In the case of the 2021-22 Calgary Flames, the honesty has been helping the team win.

One more victory against the Winnipeg Jets on Monday will tie a franchise high for consecutive games with the full two points.

When asked what he likes about what the team has done so far, Sutter briefly mentioned scoring suppression. Then he flipped the script and spent a few minutes on what the team needs to continue to do better.

A little insight into the ‘how’ of keeping his players focused on what’s next rather than what they’ve accomplished so far.

“We’ve kept the goals against down. That’s really important,” Sutter said, before the quick pivot. “It’s the only way we’ll make the playoffs.

“There’s games where we’ve given up too many quality opportunities, which we have to continue to work at cutting back. Most of it’s turnover related or structure related. Those areas we have to clean up.”

Offensively, the team has been ablaze during the streak, although they may have been guilty of believing they’d continue to score a handful of goals every time they hit the ice.

Flames guilty of forgetting how the hard goals are scored

“You start thinking you can play pretty and pass it into the net, you lose. You lose momentum, you lose possession, you lose zone time. That’s trickled in and out of our game,” Sutter said. “We’ve had to move guys around to straighten it out. That is a constant you have to have your finger on.”

Lines were shuffled slightly on Sunday, with Dillon Dube bumped for Milan Lucic on the Tyler Toffoli line, but the Calgary Flames head coach made sure to mention Dube wasn’t the only player in a competition for more consistency.

As for himself, Sutter says he doesn’t linger in the streak.
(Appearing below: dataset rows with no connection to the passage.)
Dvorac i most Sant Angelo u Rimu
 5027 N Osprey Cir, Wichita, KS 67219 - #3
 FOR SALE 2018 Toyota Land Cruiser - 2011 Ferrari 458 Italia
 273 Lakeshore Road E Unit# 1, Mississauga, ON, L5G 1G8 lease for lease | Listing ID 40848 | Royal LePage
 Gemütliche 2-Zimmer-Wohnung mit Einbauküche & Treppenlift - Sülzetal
His memory is quickly purged – or at least any emotional attachment to it.

“I’m game over, getting ready for the next game,” he said. “Very simple.”

There is plenty of chatter about the Flames given their recent success, but the players suggest they’re easily able to avoid it. Or, as Nikita Zadorov suggests, that the noise isn’t even penetrating his bubble.

“Not one person asked me anything on the streets,” he said with a grin. “We just come to the rink, we practice – we’re getting better – we go into the game and we’re playing our asses off pretty much. That’s all we do. Then you go home, sleep and recover, spend time with your family.

“It doesn’t affect me.”

Fellow Calgary Flames defenceman Oliver Kylington said the key is to enjoy the wins but remember the mindset that keeps producing them.

“You’re not better than your last game. We just have to have that mindset,” Kylington said. “It’s fun winning and we want to keep winning but we know what that takes and what we have to bring to be a winning team.”